(Entries taken from a collection)

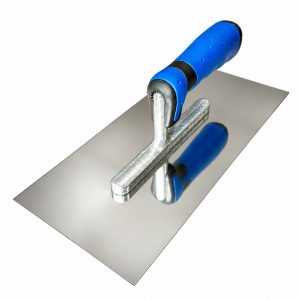 Lijmspaan RVS zonder vertanding met ergonomisch soft grip handvat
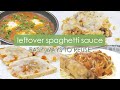 Ways To Use Leftover Spaghetti Sauce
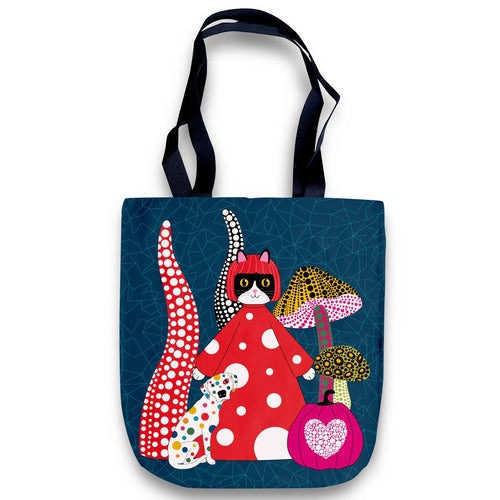 Cheeky Tote Bag: KusaMeow Yayoi Kusama with Love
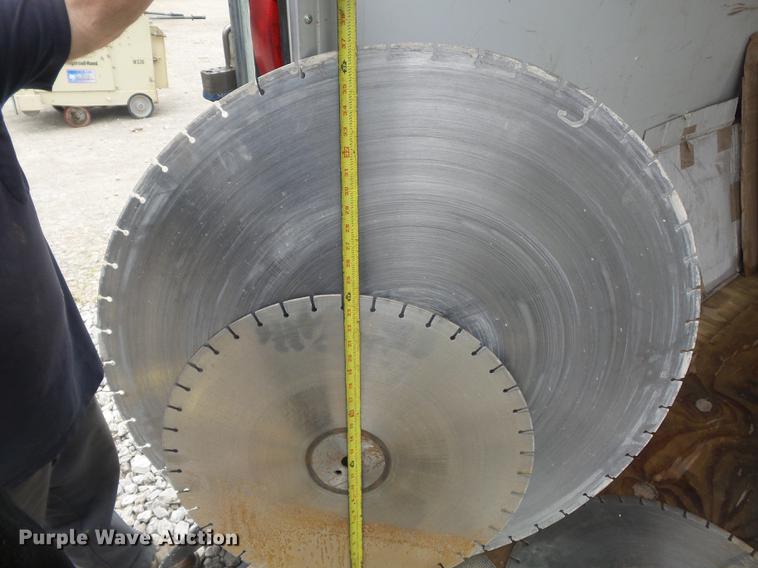 image for item DC7253 2004 Ingersoll Rand WS36 concrete saw and enclosed cargo trailer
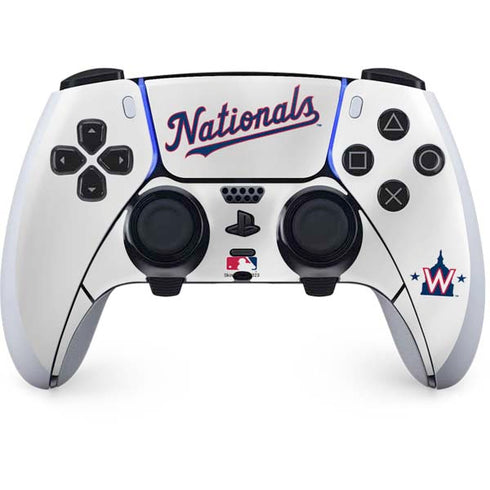 MLB Washington Nationals Home Jersey PS5 DualSense Edge Pro Controller Skin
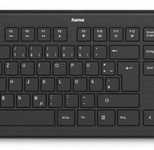 Hama Tastatur kabellos Cortino schwarz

▶ _Activity_:
Nothing but the lines from the one containing "MLB Washington Nationals" through the end of the entries should be written out, exactly and without pictures.

▶ _Output for this exercise_:
 MLB Washington Nationals Home Jersey PS5 DualSense Edge Pro Controller Skin
 Hama Tastatur kabellos Cortino schwarz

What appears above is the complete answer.